Times were tough when she started out as an independent businesswoman some 12 years ago. She was with a Manhattan copywriting agency, but decided one day to go out on her own.

“I was working in a tiny company and was doing everything from talking to clients to servicing accounts, to getting coffee for people to fixing the fax machine. That was when I realized that I had the skills to do it on my own,” says Brown, who now has a Los Angeles-based business with eight employees. Brown was and is part of a trend.

Small businesses, which are defined as independent entities with fewer than 500 employees, generated 67 percent of the new jobs over the past 17 years, according to the US Small Business Administration. Today, small businesses employ about half of all private-sector workers, SBA adds.

However, the struggle for a new business’s success can be daunting. For example, at the beginning of her entrepreneurial career, Brown found that running a business was anything but fun and games.

About to go out with her friends, she found herself with less than $20 in her bank account. And her credit cards were maxed out.

“I will never forget that. I had to call them and cancel,” she said.

Nevertheless, Brown never wanted to go back to working for others. And then Brown started to do well once she learned how to find clients.

How?

“I asked around and found some networking groups, got on my feet, and attended all the meetings I could to tell people about my services. I printed brochures I created on my crappy little printer and handed them out,” she said.

Business came in from AdWeek magazine, Times Digital and Dun & Bradstreet, among others. With her own business established, Brown now offers would-be entrepreneurs her services.

How can others follow the same path? Generally, Brown says a formal business plan isn’t needed.
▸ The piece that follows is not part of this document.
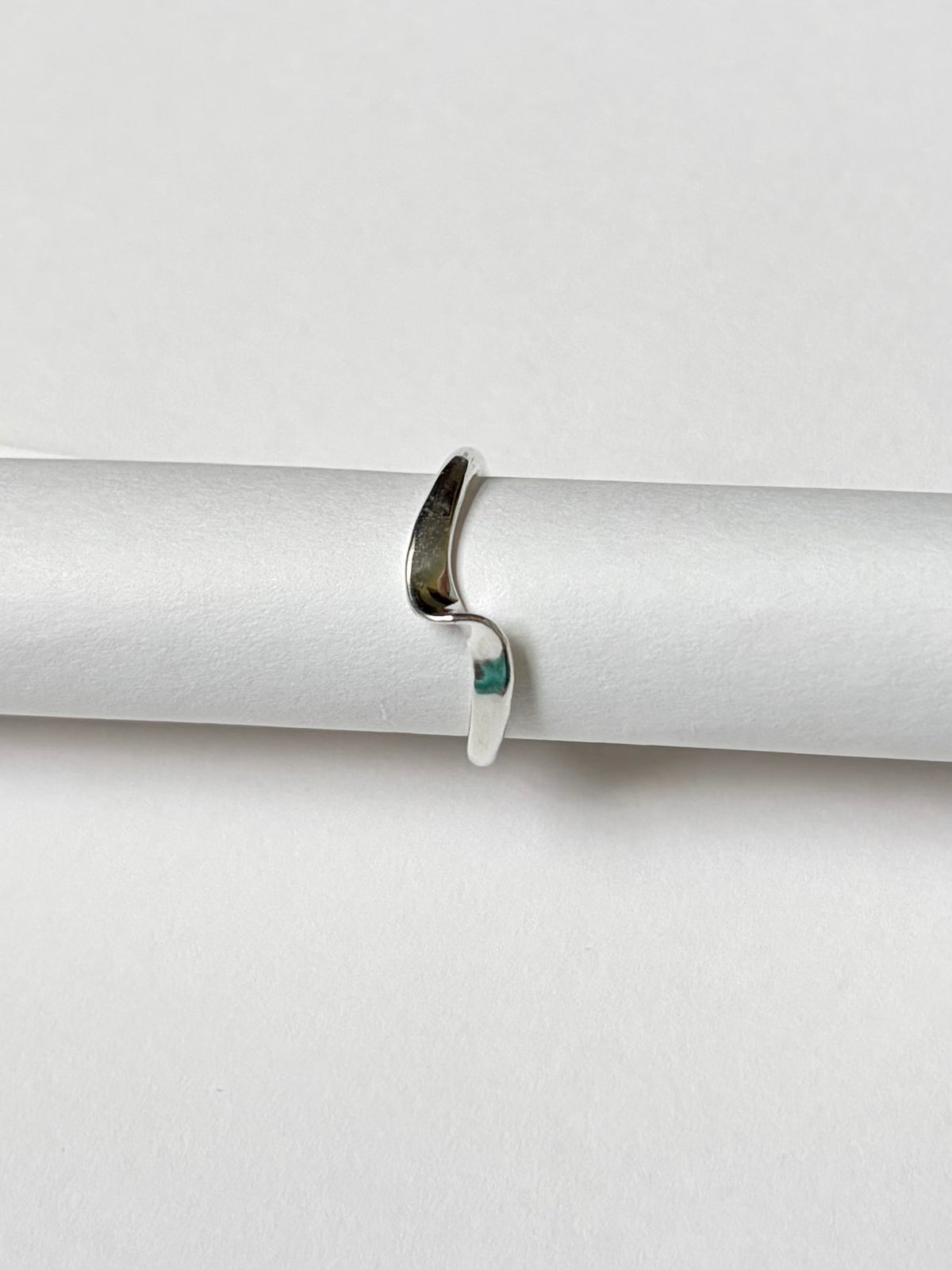 A slim silver ring, displayed on a white cylindrical ring stand against a light background.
What’s needed is a model in which you understand where business will come from and how much clients will spend to get that work.

Brown gives her clients several rules for succeeding in small business,

* Stick to What You Know.

“Don’t get into an industry you know nothing about.” When times are tough it will difficult to stay with a business in which you have no interest.

* Research Your Small Business Options: There’s so much that can be found on the Internet, Brown notes, that one can understand a business and a market before one enters a field. “Do the best research you can. Talk to people,” Brown says, “who might be your prospective clients.”

* Consider Your Passions

What you know or what you enjoy might be exactly how you start a small business, Brown says. “You’d be surprised at what you can actually make money at. One of my clients, Karen in the UK, has created a whole business around raw food. She loved raw food. She started selling recipes online, and then started teaching classes and then training people how to teach classes about raw food. Last time I checked, her business was generating $500,000 a year.”

* Jump into the Pool.

Don’t talk about it. Start the business and start looking for clients.

“If you wait for the business to come to you, you’re going to fail. If you hustle a bit, you can at least get above water while you figure out what you’re doing,” she says. But no matter how quickly a business catches on, starting a small business is a daunting proposition. Indeed, SBA estimates that 552,000 small businesses were created last year. But 660,000 also died, says the SBA.

And according to the government, the trend of more small business deaths than births has been going on since 2008.